People (mostly Donnie) have told me “you’re so dramatic.”
It could be that I involve myself in matters and get really worked up about when it’s really none of my business (hey, I’m just trying to help).
It could also be that I over-celebrate life events; sometimes I do it for fun, sometimes I do it for a good story and sometimes I do it just for my own selfish pleasure. But most of the time, it’s really not that big of a deal.
Let’s take Cookie Day at work for example. Cookie Day is no big deal. I can go buy a cookie right now. In fact, I just may. But, my (some may call “unhealthy”) excitement for Cookie Day is that I get overly ecstatic about something that means nothing. To me, it’s fun. And believe it or not, it changes the course of my day. Maybe I’m faking it ’till I make it? But that chocolate chip doesn’t taste fake to me, no sir!

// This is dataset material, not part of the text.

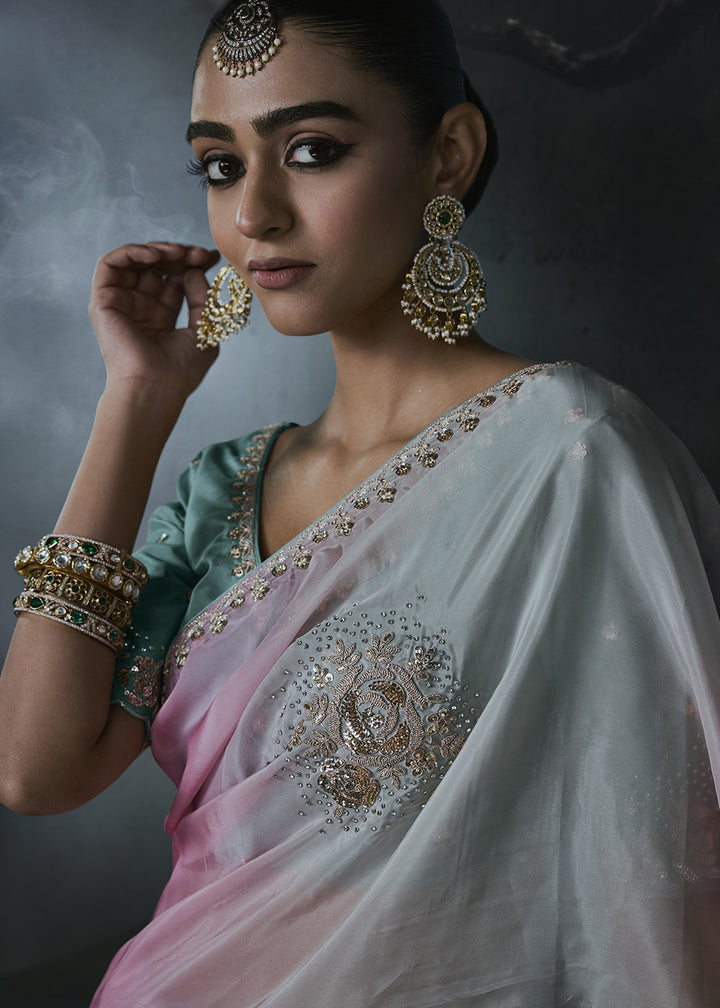 Multicolor Organza Saree with Threadwork &amp; Stone Accents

It’s the same reason I tell all my friends about the AMAZING sushi I ate.
Why I scream in my car when I have a bad day at work.
Why I sing in the car when I have a good day at work.

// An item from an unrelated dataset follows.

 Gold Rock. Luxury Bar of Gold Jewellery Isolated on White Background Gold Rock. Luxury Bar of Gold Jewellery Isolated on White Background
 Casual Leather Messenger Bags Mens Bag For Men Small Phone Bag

Why I pick Logan up and throw him in the air because he finally wrote his name.
Why I am nearly moved to tears when I see Anya do something nice for someone (I was pregnant at the time, but still).

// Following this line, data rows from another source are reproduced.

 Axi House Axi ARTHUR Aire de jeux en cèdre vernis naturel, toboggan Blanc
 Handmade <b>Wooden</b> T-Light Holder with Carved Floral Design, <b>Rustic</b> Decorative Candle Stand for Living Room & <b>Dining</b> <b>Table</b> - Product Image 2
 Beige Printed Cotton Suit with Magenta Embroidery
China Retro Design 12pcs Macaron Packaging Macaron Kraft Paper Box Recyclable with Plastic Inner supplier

I guess what I’m trying to say is I discovered that I don’t have to have the most exciting life ever to become a better writer and storyteller. In fact, it’s more challenging to write about life when it’s a little mundane. Not only am I over-exaggerating the small, boring stuff, but I also try to experience typical, daily events more completely.
Of course, it doesn’t hurt add a little drama here and there.